Tehnologi Kriya Kayu, Jawa Tengah Sebuah Potret Warisan Budaya

Balai Pelestarian Cagar Budaya Provinsi Jawa Tengah telah menerbitkan beberapa buku. salah satu buku yang telah diterbitkan adalah buku berjudul Jawa Tengah Sebuah Potret Warisan Budaya. Buku ini diterbitkan oleh Balai Pelestarian Cagar Budaya Provinsi Jawa Tengah bekerjasama dengan Jurusan Arkeologi Fakultas Ilmu Budaya Universitas Gadjah Mada (Prof. Sumijati Atmosudira dkk /editor). Mempertimbangkan permintaan dari masyarakat maka buku ini ditampilkan di laman ini.

Sebagaimana telah dikemukakan bahwa bukti secara langsung mengenai hasil seni kriya kayu masa lalu tidak dapt diperoleh, sehingga penjelasan mengenai teknologinyapun tidak dapat dijelaskan secara langsung. Akan tetapi, melalui bukti tidak langsung tersebut dapat diinterpretasikan penguasaan teknologi masayarakat masa lalu untuk mengolah bahan kayu untuk berbagai keperluan. Tampaknya keahlian mengolah bahan kayu untuk menghasilkan berbagi bentuk seni kriya tidak dimiliki oleh semua orang. Sember prasasti Jawa Kuno menyebutkan keberadaan undagi sebagai kelompok orang yang mahir dalam seni kriya kayu, sekaligus merupakan salah satu profesi yang ada mulai dari tingkat wauna (desa) sampai dengan tingkat kerajaan.

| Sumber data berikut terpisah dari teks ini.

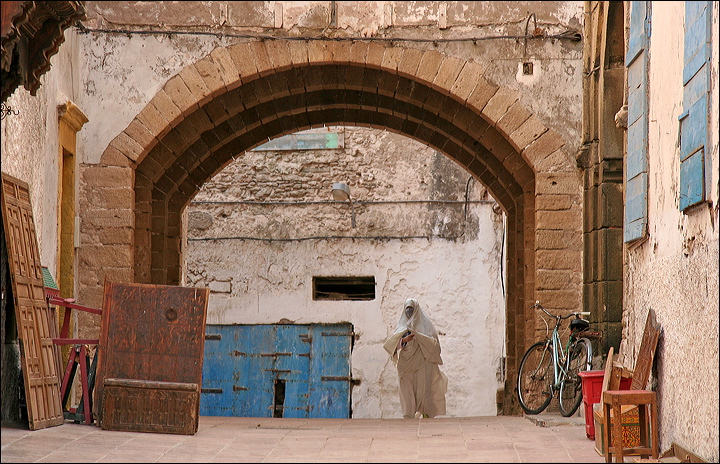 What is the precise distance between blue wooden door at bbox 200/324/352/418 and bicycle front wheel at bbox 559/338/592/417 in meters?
5.64

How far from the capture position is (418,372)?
1080 cm

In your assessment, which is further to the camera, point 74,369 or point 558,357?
point 558,357

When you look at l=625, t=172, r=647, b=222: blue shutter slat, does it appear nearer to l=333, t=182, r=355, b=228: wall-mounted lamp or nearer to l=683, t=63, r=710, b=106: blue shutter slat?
l=683, t=63, r=710, b=106: blue shutter slat

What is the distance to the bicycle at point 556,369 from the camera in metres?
8.30

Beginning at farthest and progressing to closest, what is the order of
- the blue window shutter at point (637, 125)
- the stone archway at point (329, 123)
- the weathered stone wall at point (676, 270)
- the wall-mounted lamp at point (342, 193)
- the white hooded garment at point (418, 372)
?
the wall-mounted lamp at point (342, 193)
the white hooded garment at point (418, 372)
the stone archway at point (329, 123)
the blue window shutter at point (637, 125)
the weathered stone wall at point (676, 270)

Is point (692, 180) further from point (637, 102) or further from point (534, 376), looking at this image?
point (534, 376)

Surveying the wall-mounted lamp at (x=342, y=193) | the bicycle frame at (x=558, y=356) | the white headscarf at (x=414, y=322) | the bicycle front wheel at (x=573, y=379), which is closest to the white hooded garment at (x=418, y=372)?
the white headscarf at (x=414, y=322)

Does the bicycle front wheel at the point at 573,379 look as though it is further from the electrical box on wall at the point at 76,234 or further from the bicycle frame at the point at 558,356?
the electrical box on wall at the point at 76,234

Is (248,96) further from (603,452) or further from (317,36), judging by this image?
(603,452)

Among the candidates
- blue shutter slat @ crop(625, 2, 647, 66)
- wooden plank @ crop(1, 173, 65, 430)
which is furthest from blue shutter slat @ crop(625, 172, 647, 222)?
wooden plank @ crop(1, 173, 65, 430)

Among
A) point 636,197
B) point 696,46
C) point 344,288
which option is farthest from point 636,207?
point 344,288

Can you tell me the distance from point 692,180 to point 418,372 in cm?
623

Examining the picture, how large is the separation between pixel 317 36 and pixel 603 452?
5332mm

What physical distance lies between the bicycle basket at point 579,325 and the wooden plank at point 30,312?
4466 mm
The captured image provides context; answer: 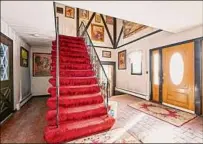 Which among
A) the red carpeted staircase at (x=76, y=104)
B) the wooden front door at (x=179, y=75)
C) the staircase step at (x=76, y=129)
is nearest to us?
the staircase step at (x=76, y=129)

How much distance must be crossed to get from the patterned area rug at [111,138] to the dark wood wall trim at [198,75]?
2.25 metres

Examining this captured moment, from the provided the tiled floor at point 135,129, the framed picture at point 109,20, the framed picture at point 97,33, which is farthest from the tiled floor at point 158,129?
the framed picture at point 109,20

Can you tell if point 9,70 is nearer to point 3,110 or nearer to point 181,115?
point 3,110

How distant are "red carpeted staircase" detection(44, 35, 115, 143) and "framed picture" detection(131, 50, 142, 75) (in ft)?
7.68

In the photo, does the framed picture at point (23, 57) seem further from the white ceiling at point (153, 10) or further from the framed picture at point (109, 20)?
the framed picture at point (109, 20)

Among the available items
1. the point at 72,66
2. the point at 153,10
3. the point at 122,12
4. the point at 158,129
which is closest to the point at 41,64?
the point at 72,66

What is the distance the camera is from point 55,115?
2.57m

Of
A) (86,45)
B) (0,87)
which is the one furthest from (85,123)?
(86,45)

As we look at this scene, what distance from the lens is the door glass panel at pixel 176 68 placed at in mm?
4059

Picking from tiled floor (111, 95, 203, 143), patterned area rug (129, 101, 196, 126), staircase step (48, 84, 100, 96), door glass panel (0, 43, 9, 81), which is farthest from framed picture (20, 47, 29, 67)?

Pembuatan kriya kayu selalu didahului dengan pemilihan kayu yang berkualitas sesuai dengan kebutuhan, kemudian dilakukan pembentukan, dan tahap penyelesaian. Sebelum peralatan logam dikenal, kemungkinan besar beliung persegi digunakan untuk menembang pohon. Ketika peralatan logam sudah dikenal, peralatan yang digunakan untuk menebang pohon adalah kapang. Selanjutnya, untuk mengerjakan hal-hal kecil dan detail, digunakan tatah atau pahat logam seperti masih sering digunakan oleh tukang kayu sekarang. Sistem penyambungan antar bagian pada benda kayu tidak menggunakan paku logam, tetapi menggunakan sistem ikat, pangsa kayu, atau sitem pen-kait. Pada tahap penyelesaian hasil kriya kayu, kemungkinan hanya digunakan daun ampelas, daun bamboo, maupun pecahan kaca. Pecahan kaca sapai sekarang masih sering digunakan para erajin ukiran Jepara untuk menghaluskan detail ukiran sebelum diplitur.